11.11.2012 | 20:25 Uhr

HSG Mülheim -
Hülser SV 21:36 (8:20)

HSG: Banning, Pütter – Schneider (5/2), Bernaisch (4), Krogmann (3), Engels (2), Francke (2), Hellenbrandt (2), Rohschürmann (2), Liedtke (1), T. Görgens

Das war deutlich! Handball-Verbandsligist HSG Mülheim leistete sich am frühen Samstagabend einen Aussetzer und unterlag dem Hülser SV in der Höhe überraschend mit 21:36 (8:20).

Trainer Gerd Schneider hatte vor der Partie in der Sporthalle an der Von-der-Tann-Straße vor dem Tabellenvorletzten aus Krefeld gewarnt. Zunächst versuchten die Mülheimer mit einer offensiven Deckung gegen die Gäste vorzugehen. Es dauerte fast fünf Minuten, bis das erste Tor der Begegnung fiel. Hüls erspielte sich dann eine 4:0-Führung, während der HSG in der Offensive nichts einfiel. Die Gäste kamen dann aber erst richtig in Fahrt und spielten sich förmlich in einen Rausch. 8:1, 11:2, 13:5 und 19:6 waren die Zwischenstände auf dem Weg zur 20:8-Halbzeitführung.

Während den Hülsern phasenweise alles gelang, fehlte es der HSG in der Offensive an Druck und Ideen. Die Angriffe wirkten ausrechenbar. Auch die Abwehr offenbarte mit der Zeit immer größere Lücken. Die beiden Torhüter Marco Banning und Alexander Pütter fügten sich nahtlos an die Leistung der restlichen Mannschaft ein. „Ich bin nicht überrascht, denn Hüls ist eigentlich eine Spitzenmannschaft, bei der ausgerechnet gegen uns der Knoten geplatzt ist. In der Verfassung ist Hüls vielleicht auch nicht unsere Kragenweite“, sagte Trainer Gerd Schneider.

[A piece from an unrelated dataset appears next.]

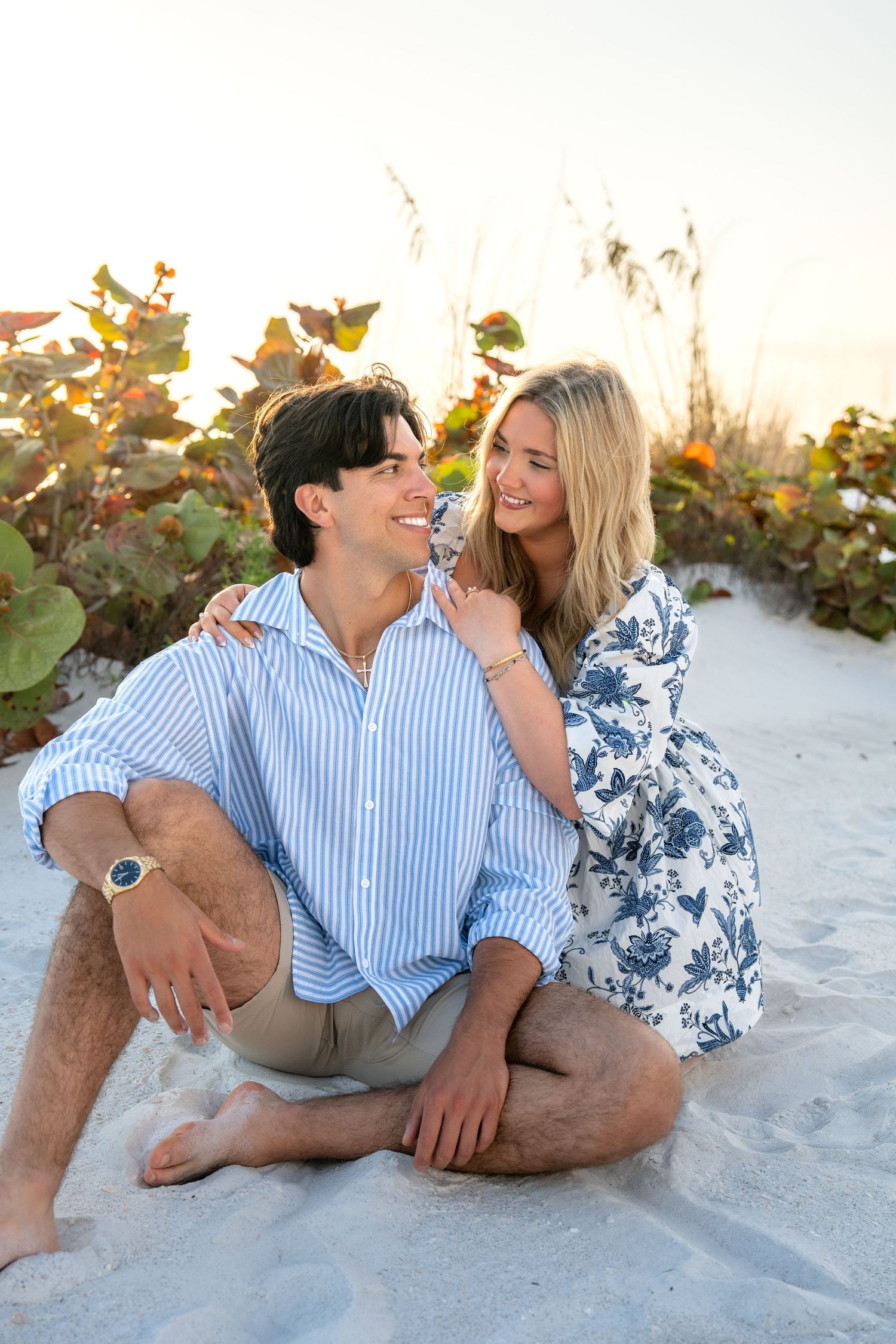 A couple sits intimately on white sand at golden hour, smiling and embracing among colorful beach vegetation.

Der Coach ergänzte aber: „Allerdings muss man sie auch vernünftig attackieren und darf sie nicht so spielen lassen, wie wir es in der ersten Halbzeit getan haben.

Frühe Vorentscheidung

Erst in der 37. Minute gelang den Mülheimern der zehnte Treffer in dieser Verbandsliga-Partie. Zu diesem Zeitpunkt war die Begegnung selbstredend schon entschieden und die Gäste aus Krefeld konnten es sich leisten, einen bis zwei Gänge herunter zu schalten. Doppelte Manndeckung und leicht aufkommender Übermut führten nach 50 Minuten dazu, dass die Mülheimer den Rückstand von zwischenzeitlich 14 Toren (14:28) auf elf Treffer (18:29) verkürzen konnten. Eine erfolgreiche Ergebniskorrektur bahnte sich an.

Doch in der Schlussphase schlichen sich erneut viele individuelle Fehler in das Spiel der Heimmannschaft, so dass Hüls den Vorsprung wieder ausbauen konnte. Am Ende lagen 15 Tore zwischen der HSG und den Gästen. „Wir waren diesmal leider nicht in der Lage konsequent dagegen zu halten und sind dafür abgestraft worden“, sagte Trainer Gerd Schneider nach dem Schlusspfiff.